You could say that as your relationship appears to have broken down perhaps it is for the best that she buys you out - but that will have to be at a fair market rate after a business valuation. You could always hint you could sell your share to someone else - someone else might not be as agreeable as you.

IReallyStillCantBeBothered · 15/03/2024 17:26

Picklestop · 14/03/2024 10:16

I don’t think I would be demanding five times my initial investment back from a friend. But a little over your initial investment is not on either. Surely there is some middle ground? How is the business being valued anyway?

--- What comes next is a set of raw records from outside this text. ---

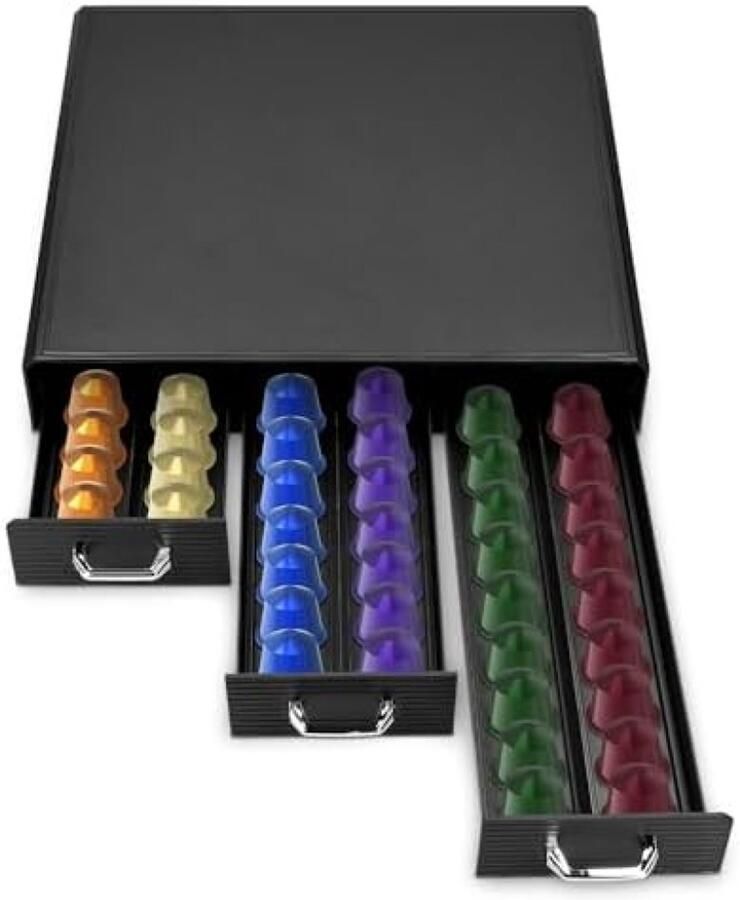 PolkaHome Koffiecup Houder met 3 Lades – Ruimte voor 48 Capsules – Geschikt voor Nespresso & Andere Merken – Organizer in Stijlvol Zwart Design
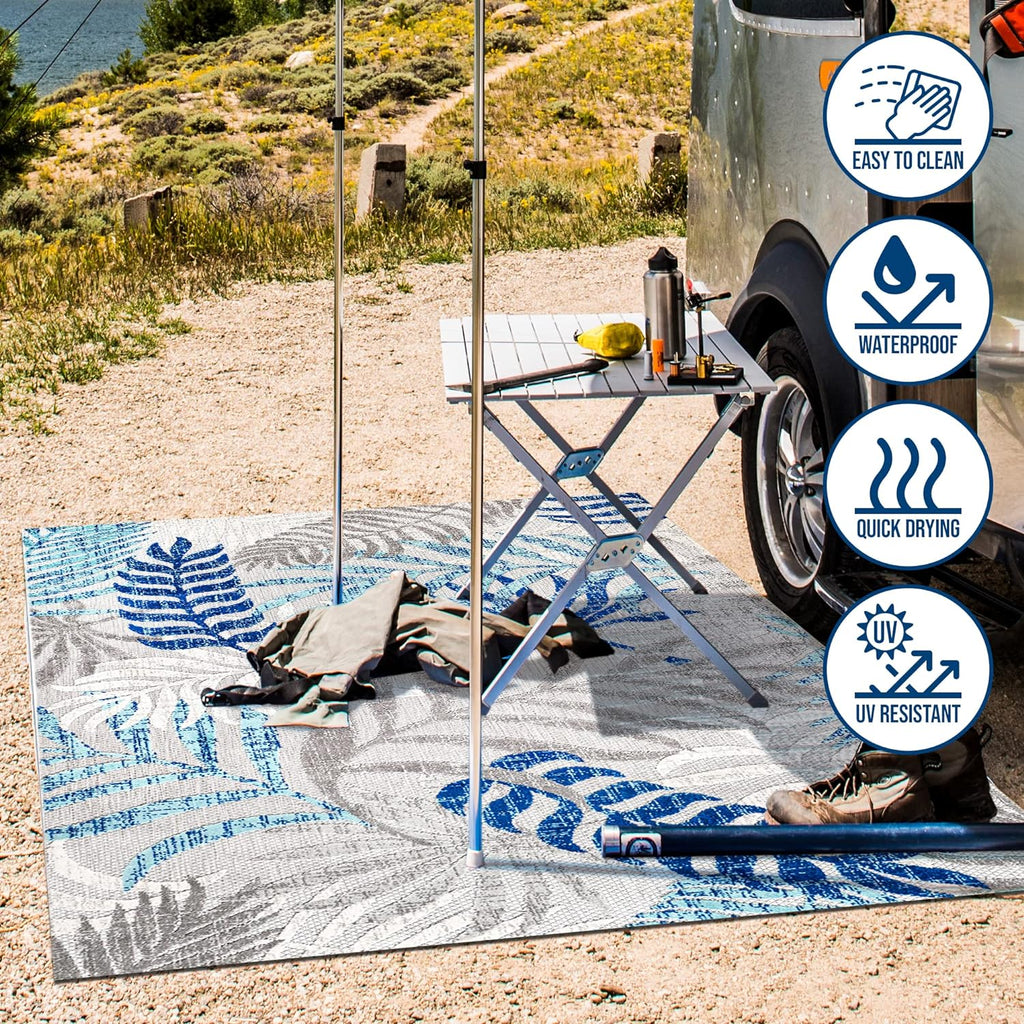 Tropical Leaves Square Rug Gray/Blue, Coastal Indoor Outdoor Rug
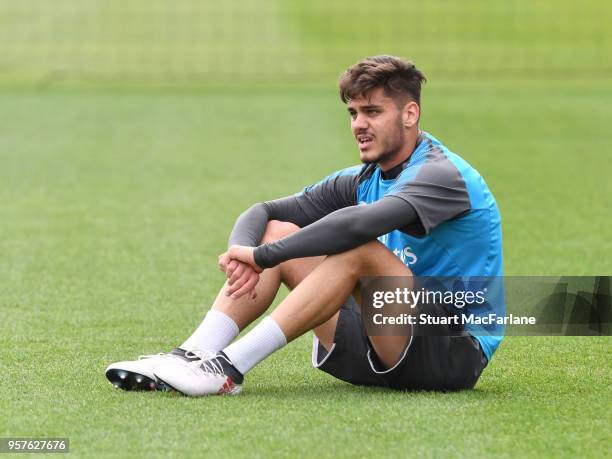 Konstantinos Mavropanos of Arsenal during a training session at London Colney on May 12, 2018 in St Albans, England.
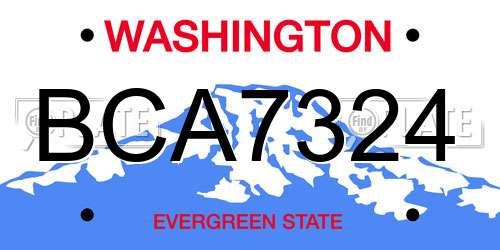 BCA7324 Washington License Plate
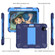 iPad Air 2022 / 2020 10.9 Shockproof Two-Color Silicone Protective Case with Holder - Navy Blue + Blue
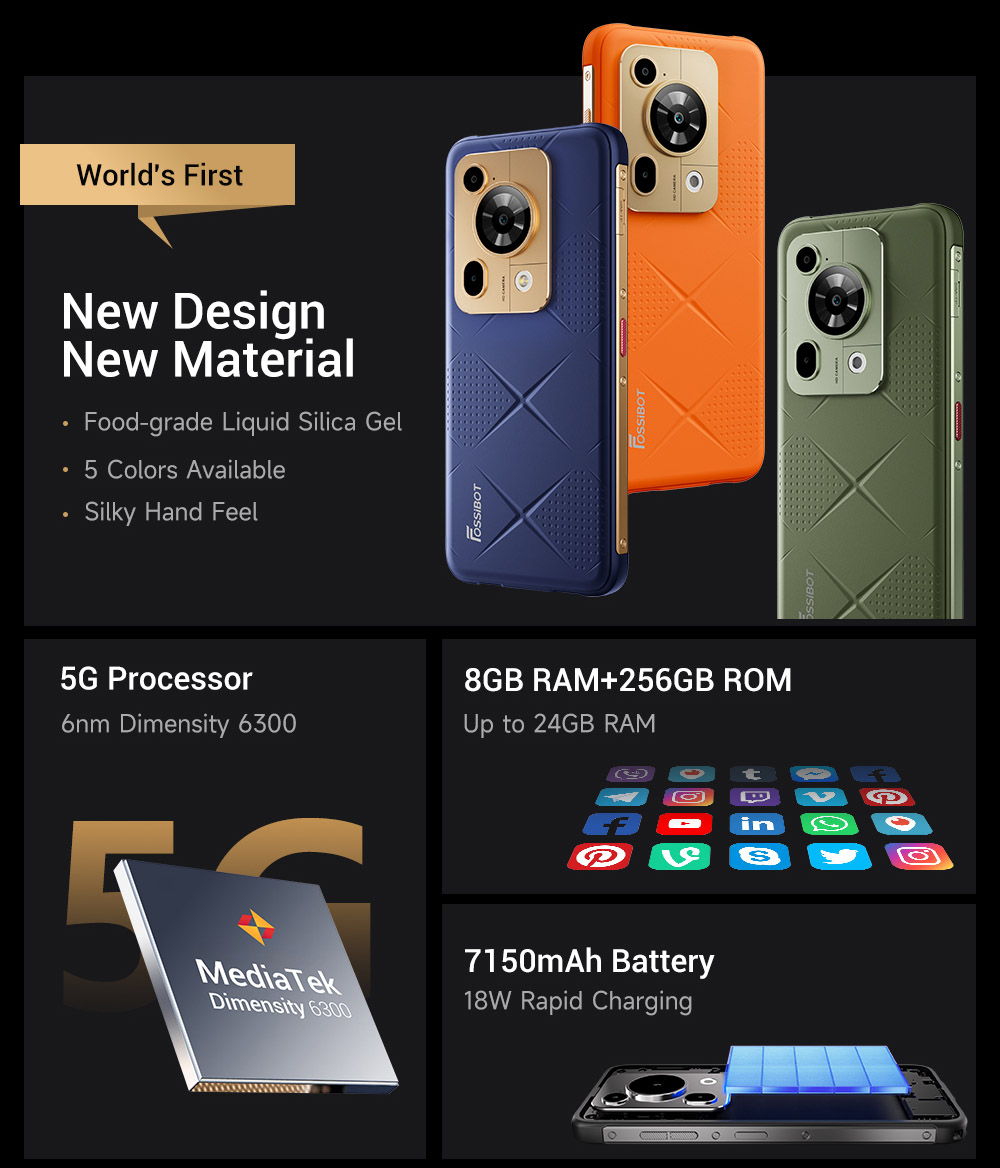 FOSSiBOT F112 Pro 5G Rugged Phone 50MP 5MP Rear Camera 7150mAh Battery 6 88-inch HD Screen 8GB RAM 256GB ROM Android 14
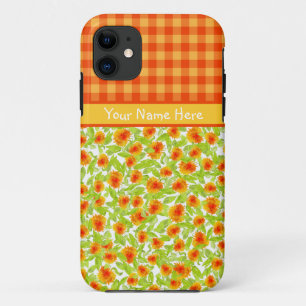 Marigolds y Check Gingham iPhone 5/5s Funda
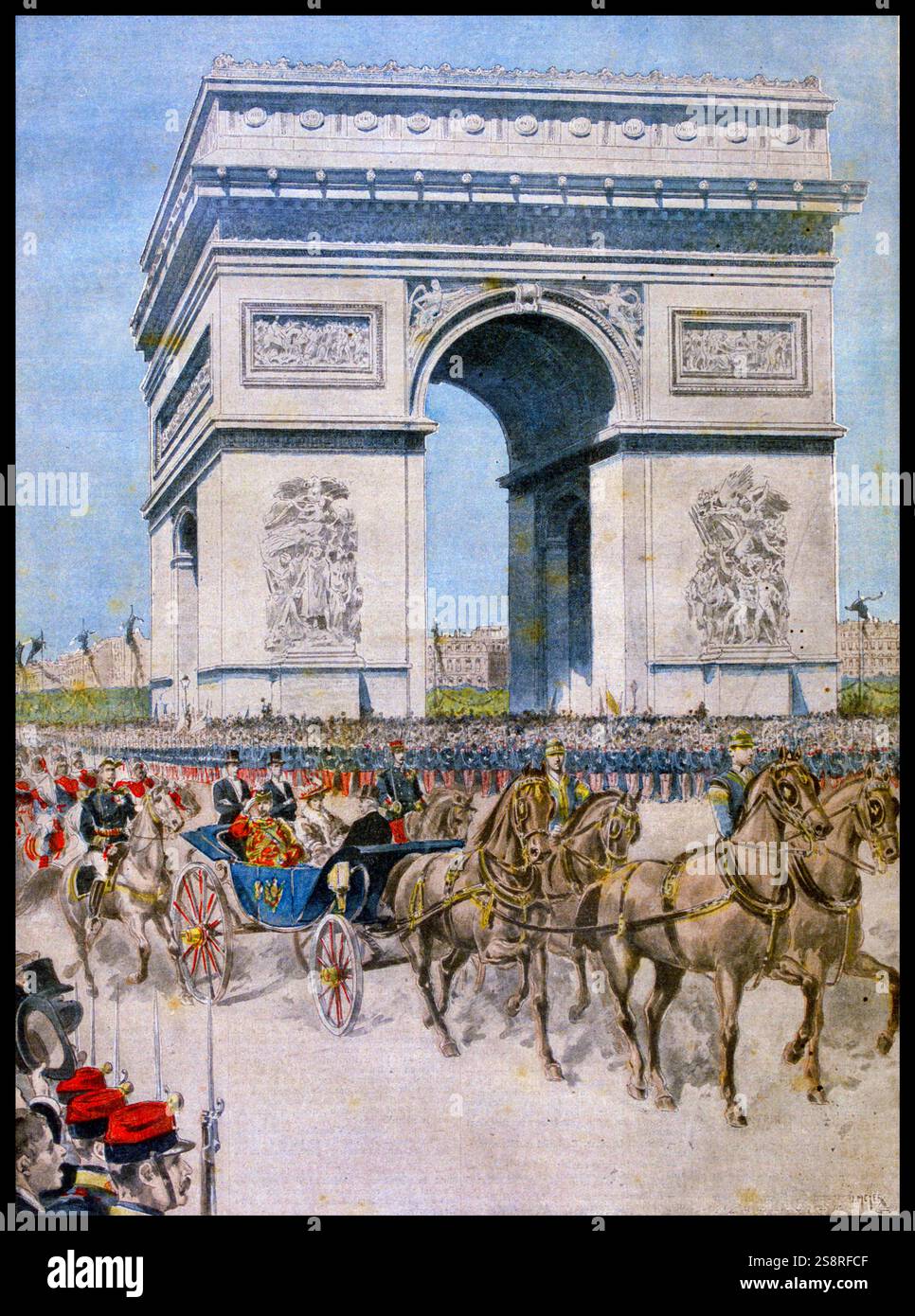 L'Alliance franco-russe. Le Tsar Nicolas II, accompagné de l'impératrice Alexandra et le Président Faure, lride par l'Arc de Triomphe 'Le Petit Journal', Paris, 1896. Banque D'Images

I’m sorry but that’s not it works, OP has a share of the business and if she wants to buy her out the business needs to valued by a third party company. If OP wants to give her a discount that’s fine and at her discretion but she doesn’t have to.

Would her friend have agreed to share OPs loss if the company failed? You don’t get to change the terms of the agreement after the company succeeds.

This is why business with friends is a bad idea and I’m glad OP has a legal coTracy not a handshake agreement.

Bungybungy · 15/03/2024 17:26

Noshowlomo · 15/03/2024 17:04

Oooo it’s just gone 5

I’ve not heard anything but her daughter has just dropped my daughter from all forms of social media, so I’m assuming she’s seen the email.

OP posts:
Thementalloadisreal · 15/03/2024 17:33

Bungybungy · 15/03/2024 17:26

I’ve not heard anything but her daughter has just dropped my daughter from all forms of social media, so I’m assuming she’s seen the email.

It’s so sad for the kids that this toxic woman’s behaviour is going to affect their friendship

Thementalloadisreal · 15/03/2024 17:33

To add, I think you’re doing the right thing and she is selfish and crazy.

Scarletttulips · 15/03/2024 17:36

I doubt your daughter will be missing her at all. Generally you find kids are a bit more astute in friendships than adults.